Chrysler News:Chrysler and Fiat sign merger agreement



Italian carmaker Fiat and US car concern Chrysler have signed an agreement to merge their companies, Chrysler disclosed.

Chrysler, at its Auburn Hills, Michigan headquarters, said that the agreement is still preliminary and not yet binding.

Further details were not immediately disclosed. Earlier on Tuesday, Fiat deputy chairman John Elkann said that the Turin-based carmaker is in talks with Chrysler amid reports of a possible purchase by the Italian company of a majority stake in the ailing US producer.

"It is no secret that we are talking. It has been a while that we are in talks," Elkann, a heir of the Agnelli family which controls Fiat, was quoted as saying by the ANSA news agency.

Elkann indicated more details on a possible deal would be available following a Fiat statement later on Tuesday and a meeting of the company's board scheduled for Thursday.

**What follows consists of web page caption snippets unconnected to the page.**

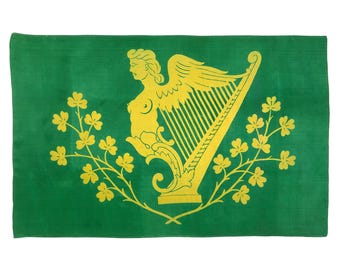 Small Antique Silk Flag of Ireland (Erin Go Bragh)
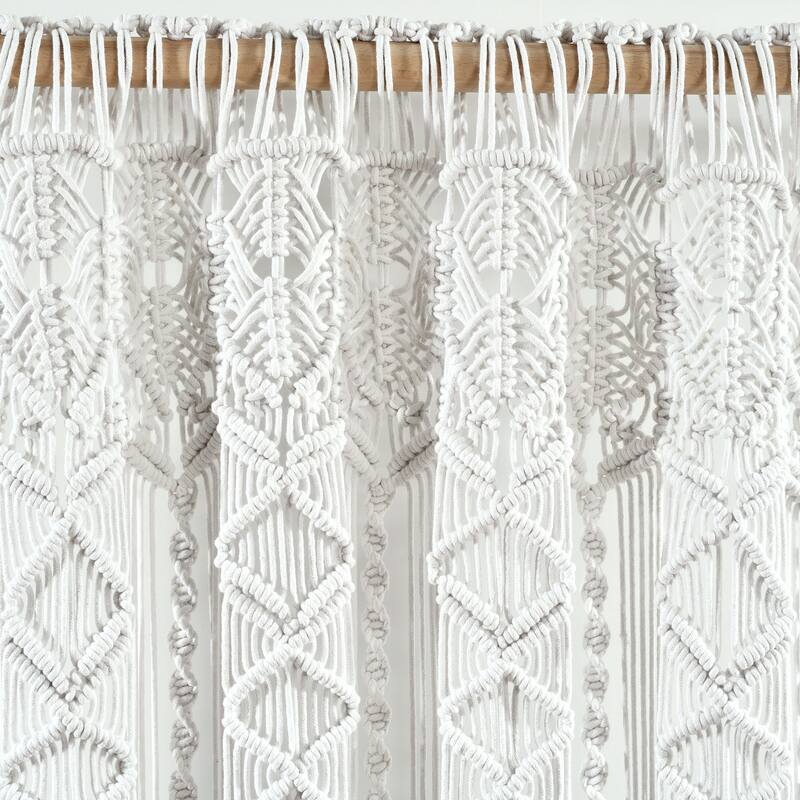 Lush Decor Boho Macrame Textured Cotton Window Curtain/Room Divider/Doorway/Wall Decor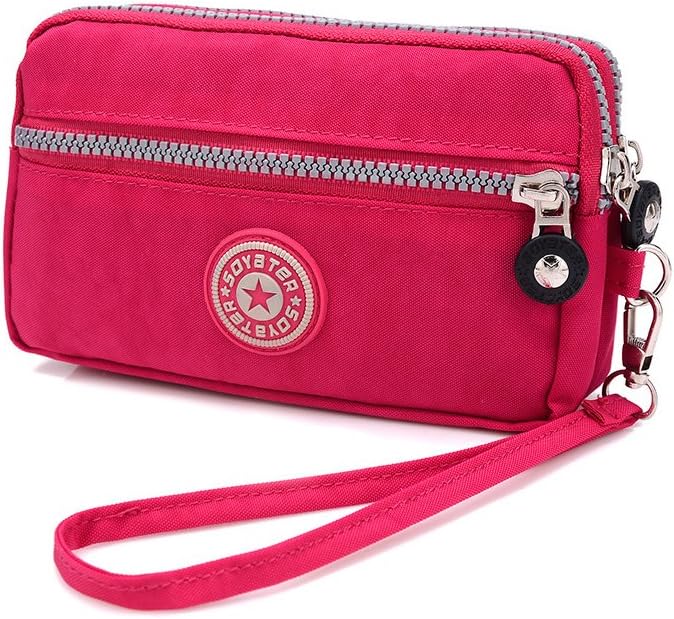 Dual Layers Zipper Purse Waterproof Nylon Wristlet Bag Clutch Handbag Cell Phone Pouch (Red)
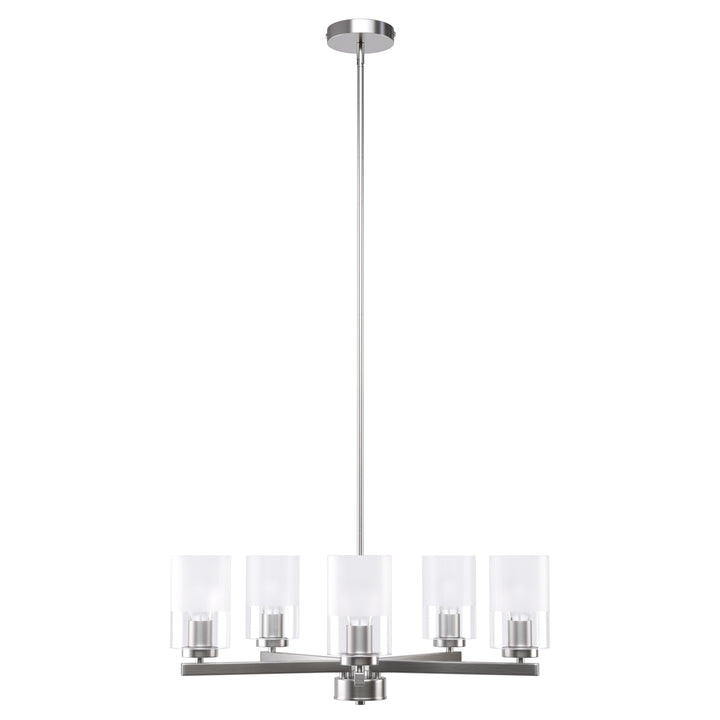 Glimmer 5-Light 26'' Dimmable Frosted Glass Modern/Traditional Chandelier For Dining Room #29024-P5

Earlier on Tuesday, Milan's Bourse announced trading in Fiat stocks had been suspended pending the statement's release.

The Wall Street Journal reported on Monday that Fiat was considering acquiring a 35 per cent ownership in Chrysler by mid-year as the first step towards the acquisition of a possible majority stake in the US company.

The deal would give Fiat long-sought access to the US market for its small and mid-sized cars, with the Fiat 500 and Alfa Romeo reported to be at the top of the list.

Under the deal, Fiat could build its own small cars in the US and use the Chrysler distribution network. In exchange, Chrysler would tap Fiat's expertise building small and medium-sized cars to advance its own plans for new, front-wheel-drive models with lower emissions.

As petrol prices soared and the economy stalled, sales of Chrysler's mostly large, fuel-inefficient cars and trucks fell 30 per cent in 2008.

With auto sales at a 27-year low, Chrysler has laid off tens of thousands of workers and had to beg for government rescue financing of $US5.5 billion ($A8.21 billion) just to stay afloat for the next few months.

The loan terms require Chrysler to deliver a credible survival strategy by March, and an alliance with Fiat would be a tangible new strategy.

Fiat, which exclusively makes small cars with narrow profit margins, is struggling to keep its own head above water in Europe's expensive labour market.